▶ _Exercise description_
In the material below, the lines from the one containing "The reason is" through the one containing "Let's first discuss" are to be given again exactly, ends included, and no others.

▶ _Materials provided_
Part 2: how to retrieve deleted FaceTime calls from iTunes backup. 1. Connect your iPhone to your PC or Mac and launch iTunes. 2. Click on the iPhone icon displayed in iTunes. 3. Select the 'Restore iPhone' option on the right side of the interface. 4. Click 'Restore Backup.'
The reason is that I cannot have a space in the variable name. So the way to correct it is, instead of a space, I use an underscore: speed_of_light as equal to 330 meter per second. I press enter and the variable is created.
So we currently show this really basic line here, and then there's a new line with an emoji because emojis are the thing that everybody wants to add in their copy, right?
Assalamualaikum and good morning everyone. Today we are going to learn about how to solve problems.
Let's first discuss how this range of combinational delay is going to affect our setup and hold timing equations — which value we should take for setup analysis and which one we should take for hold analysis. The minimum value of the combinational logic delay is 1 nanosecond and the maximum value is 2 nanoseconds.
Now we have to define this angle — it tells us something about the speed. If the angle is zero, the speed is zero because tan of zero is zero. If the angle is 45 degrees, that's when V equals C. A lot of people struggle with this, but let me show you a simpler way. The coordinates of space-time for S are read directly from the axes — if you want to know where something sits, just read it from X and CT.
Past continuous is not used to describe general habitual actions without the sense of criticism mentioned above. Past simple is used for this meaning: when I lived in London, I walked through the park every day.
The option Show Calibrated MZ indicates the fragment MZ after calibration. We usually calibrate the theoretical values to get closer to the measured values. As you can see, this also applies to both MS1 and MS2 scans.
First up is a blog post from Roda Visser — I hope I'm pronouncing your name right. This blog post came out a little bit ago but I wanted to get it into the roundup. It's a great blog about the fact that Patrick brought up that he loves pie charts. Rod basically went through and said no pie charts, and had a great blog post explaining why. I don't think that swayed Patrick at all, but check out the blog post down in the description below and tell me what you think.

==

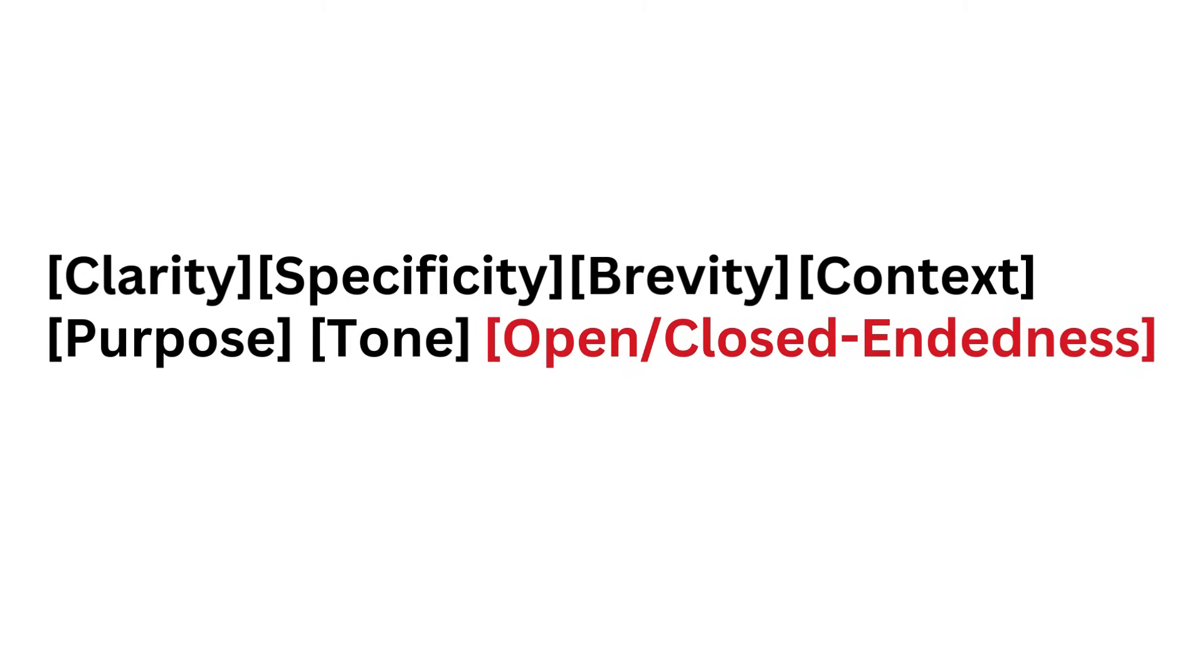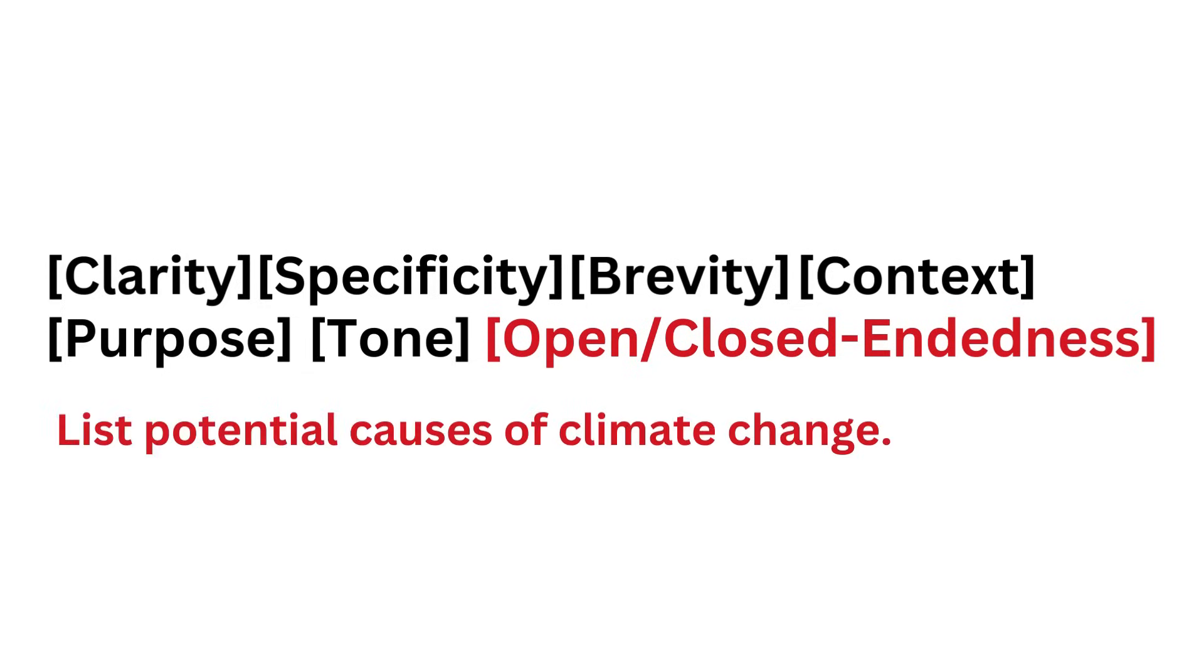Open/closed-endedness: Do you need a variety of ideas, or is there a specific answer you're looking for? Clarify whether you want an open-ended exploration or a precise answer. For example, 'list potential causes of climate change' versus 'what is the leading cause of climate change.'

...

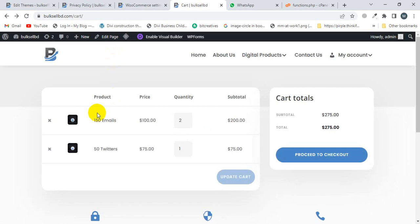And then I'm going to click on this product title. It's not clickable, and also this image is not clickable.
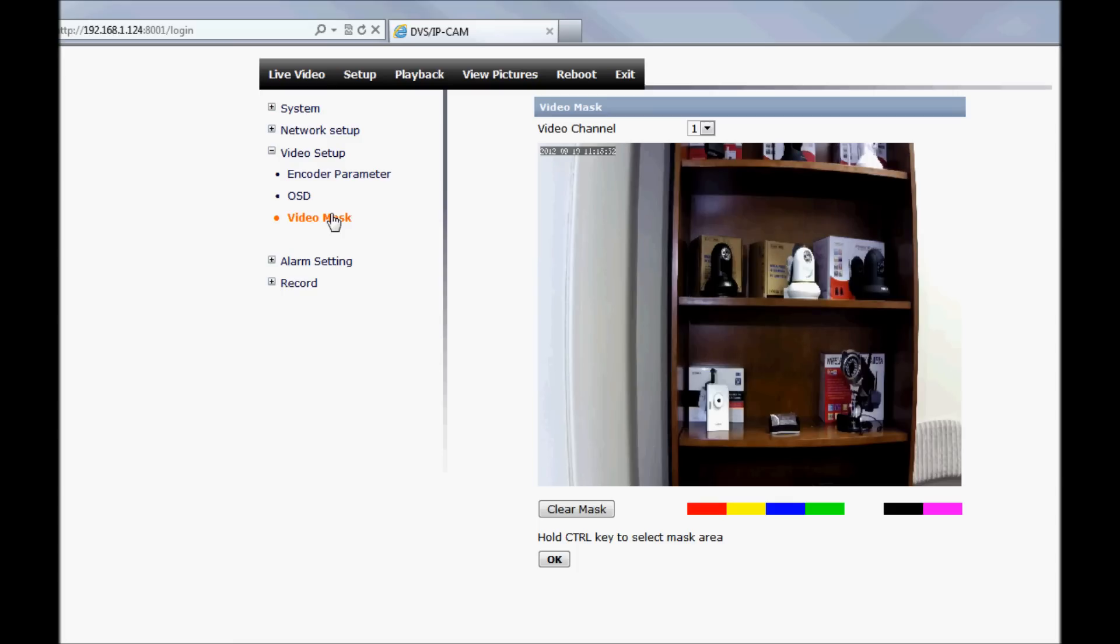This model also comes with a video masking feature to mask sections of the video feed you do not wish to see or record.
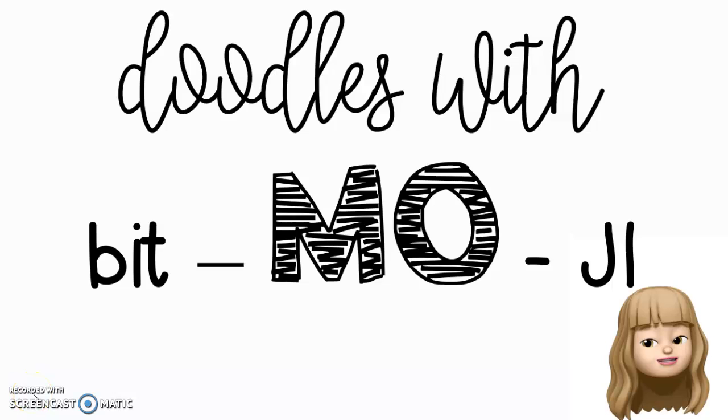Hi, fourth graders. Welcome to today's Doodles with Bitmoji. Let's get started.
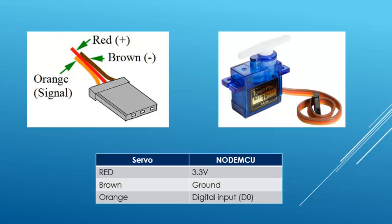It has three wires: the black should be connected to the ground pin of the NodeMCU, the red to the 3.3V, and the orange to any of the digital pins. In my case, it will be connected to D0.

▶ _Response box_
The reason is that I cannot have a space in the variable name. So the way to correct it is, instead of a space, I use an underscore: speed_of_light as equal to 330 meter per second. I press enter and the variable is created.
So we currently show this really basic line here, and then there's a new line with an emoji because emojis are the thing that everybody wants to add in their copy, right?
Assalamualaikum and good morning everyone. Today we are going to learn about how to solve problems.
Let's first discuss how this range of combinational delay is going to affect our setup and hold timing equations — which value we should take for setup analysis and which one we should take for hold analysis. The minimum value of the combinational logic delay is 1 nanosecond and the maximum value is 2 nanoseconds.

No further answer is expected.